Defamation Basics Part III

Remedies: offers to make amends and litigation

In our third and final instalment of our defamation series, we now turn to the options available to an aggrieved person (or plaintiff) that has been defamed and what an author/publisher (or defendant) can do if they receive a concerns notice.

Concerns notice

An aggrieved person may issue a written notice to the author/publisher of defamatory material explaining the defamatory implications within the publication.  If the notice fails to adequately particularise the imputations of concern, the publisher may request further and better particulars about them from the aggrieved person.

Offer to make amends

The publisher may make an offer to make amends within 28 days from receipt of the concerns notice.  The offer must be in writing and must:

  • state what defamatory imputations the offer relates to;

  • include an offer to publish a reasonable correction of the material in question;

  • if the material has been given to someone else by the publisher, include an offer to take reasonable steps to tell the other person that the material is or may be defamatory of the aggrieved person; and

  • include an order to pay the expenses reasonably incurred by the aggrieved person before the offer was made and the expenses reasonably incurred in considering the offer.

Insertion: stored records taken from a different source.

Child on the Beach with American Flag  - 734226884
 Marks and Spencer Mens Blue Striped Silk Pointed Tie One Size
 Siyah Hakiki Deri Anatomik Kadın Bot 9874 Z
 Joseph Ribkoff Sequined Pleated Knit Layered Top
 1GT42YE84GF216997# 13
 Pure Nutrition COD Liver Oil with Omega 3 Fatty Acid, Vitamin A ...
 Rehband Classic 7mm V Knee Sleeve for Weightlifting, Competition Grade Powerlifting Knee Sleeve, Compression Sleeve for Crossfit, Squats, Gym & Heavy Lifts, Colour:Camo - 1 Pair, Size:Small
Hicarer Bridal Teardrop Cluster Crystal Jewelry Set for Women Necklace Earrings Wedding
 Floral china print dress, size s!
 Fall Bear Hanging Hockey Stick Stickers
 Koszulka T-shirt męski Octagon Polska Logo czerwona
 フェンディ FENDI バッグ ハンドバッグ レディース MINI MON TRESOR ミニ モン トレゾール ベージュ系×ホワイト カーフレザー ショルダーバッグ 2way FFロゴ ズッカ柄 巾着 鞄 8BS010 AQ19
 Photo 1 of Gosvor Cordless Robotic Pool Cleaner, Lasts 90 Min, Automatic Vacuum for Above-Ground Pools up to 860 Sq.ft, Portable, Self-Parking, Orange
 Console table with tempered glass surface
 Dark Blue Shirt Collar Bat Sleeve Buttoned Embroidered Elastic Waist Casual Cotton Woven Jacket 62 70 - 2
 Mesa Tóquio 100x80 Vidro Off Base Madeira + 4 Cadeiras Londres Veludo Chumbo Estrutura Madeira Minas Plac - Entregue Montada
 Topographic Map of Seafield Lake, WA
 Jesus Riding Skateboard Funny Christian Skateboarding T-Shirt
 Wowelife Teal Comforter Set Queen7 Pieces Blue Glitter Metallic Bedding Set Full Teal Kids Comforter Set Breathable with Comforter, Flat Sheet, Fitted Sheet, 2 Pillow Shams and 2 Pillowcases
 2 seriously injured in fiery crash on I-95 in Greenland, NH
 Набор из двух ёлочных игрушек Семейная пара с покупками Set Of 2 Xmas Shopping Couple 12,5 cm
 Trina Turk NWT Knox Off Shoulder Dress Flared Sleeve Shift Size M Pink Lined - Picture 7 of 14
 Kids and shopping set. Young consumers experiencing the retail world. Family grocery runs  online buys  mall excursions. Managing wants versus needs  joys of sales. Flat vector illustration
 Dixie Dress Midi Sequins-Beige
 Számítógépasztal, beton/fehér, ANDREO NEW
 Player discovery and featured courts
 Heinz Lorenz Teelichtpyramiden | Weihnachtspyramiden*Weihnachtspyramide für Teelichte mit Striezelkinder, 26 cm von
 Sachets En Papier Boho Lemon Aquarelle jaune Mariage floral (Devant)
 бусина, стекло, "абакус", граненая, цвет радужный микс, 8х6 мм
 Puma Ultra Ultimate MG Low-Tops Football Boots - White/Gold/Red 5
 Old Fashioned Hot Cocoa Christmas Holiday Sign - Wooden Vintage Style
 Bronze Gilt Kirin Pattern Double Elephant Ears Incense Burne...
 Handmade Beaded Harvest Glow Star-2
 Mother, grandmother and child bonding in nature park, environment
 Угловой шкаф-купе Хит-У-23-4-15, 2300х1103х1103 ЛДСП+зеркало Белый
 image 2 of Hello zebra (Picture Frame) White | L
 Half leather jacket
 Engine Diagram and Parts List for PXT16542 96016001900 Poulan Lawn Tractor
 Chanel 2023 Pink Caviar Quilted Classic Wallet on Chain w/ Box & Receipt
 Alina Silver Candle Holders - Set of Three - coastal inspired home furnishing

If the publisher carries out the terms of an offer to make amends that is accepted, the aggrieved person cannot then continue or enforce an action for defamation against the publisher in relation to the material in question.

If an offer to make amends is made in relation to the material in question but is not accepted, it is a defence to an action for defamation against the publisher if:

  • the offer is made as soon as practicable after receiving the concerns notice;

  • the publisher was ready and willing, on acceptance of the offer, to carry out the terms of the offer; and

  • the offer was reasonable in the circumstances.

Apologies

An apology by a publisher to an aggrieved person cannot be submitted as evidence of admission of fault or liability, however can be a factor in mitigating damages.

Litigation – commencing an action and damages

Revisiting Part I – Bringing a defamation claim in Western Australia, a plaintiff can issue proceedings against a defendant within one year of publication of the defamatory material.  The plaintiff is required to prove that:

  • the material was published to a third person, other than the plaintiff;

  • the material was of and concerning the plaintiff; and

  • the material was defamatory of the plaintiff.

A successful plaintiff may be entitled to an award of damages for non-economic loss, which may be in the form of:

  • general compensatory damages – currently limited to a maximum of $389,500; and/or

  • aggravated damages - the amount of damages will depend on the circumstances of the case and can exceed the current statutory limit.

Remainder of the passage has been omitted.